Answer with the exact lines of the following material from the one containing "Кровать-манеж с крышей" through the one containing "Ekvator Ginesi haritası", both end lines included.

BEGIN EXTRACTED INFORMATION

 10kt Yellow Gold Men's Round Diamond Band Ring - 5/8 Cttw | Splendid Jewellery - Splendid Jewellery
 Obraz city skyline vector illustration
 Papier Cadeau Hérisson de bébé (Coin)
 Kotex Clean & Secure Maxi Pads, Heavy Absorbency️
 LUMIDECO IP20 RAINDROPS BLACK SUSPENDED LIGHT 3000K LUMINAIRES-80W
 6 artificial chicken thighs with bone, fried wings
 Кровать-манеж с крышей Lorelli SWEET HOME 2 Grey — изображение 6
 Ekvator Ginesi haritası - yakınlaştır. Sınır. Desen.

END EXTRACTED INFORMATION
BEGIN EXTRACTED INFORMATION

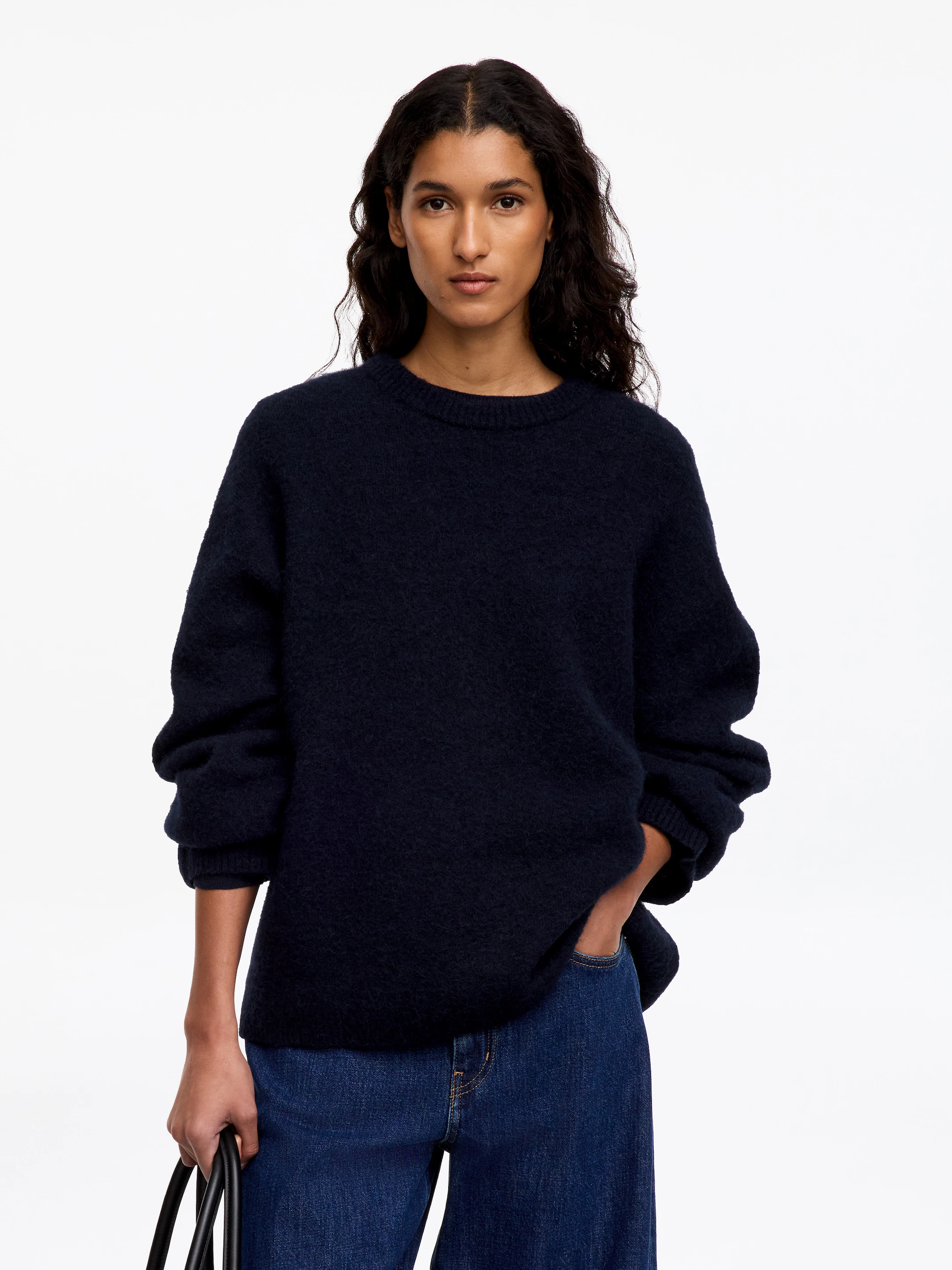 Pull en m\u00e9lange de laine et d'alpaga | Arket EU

END EXTRACTED INFORMATION

SOLUTION:
 Кровать-манеж с крышей Lorelli SWEET HOME 2 Grey — изображение 6
 Ekvator Ginesi haritası - yakınlaştır. Sınır. Desen.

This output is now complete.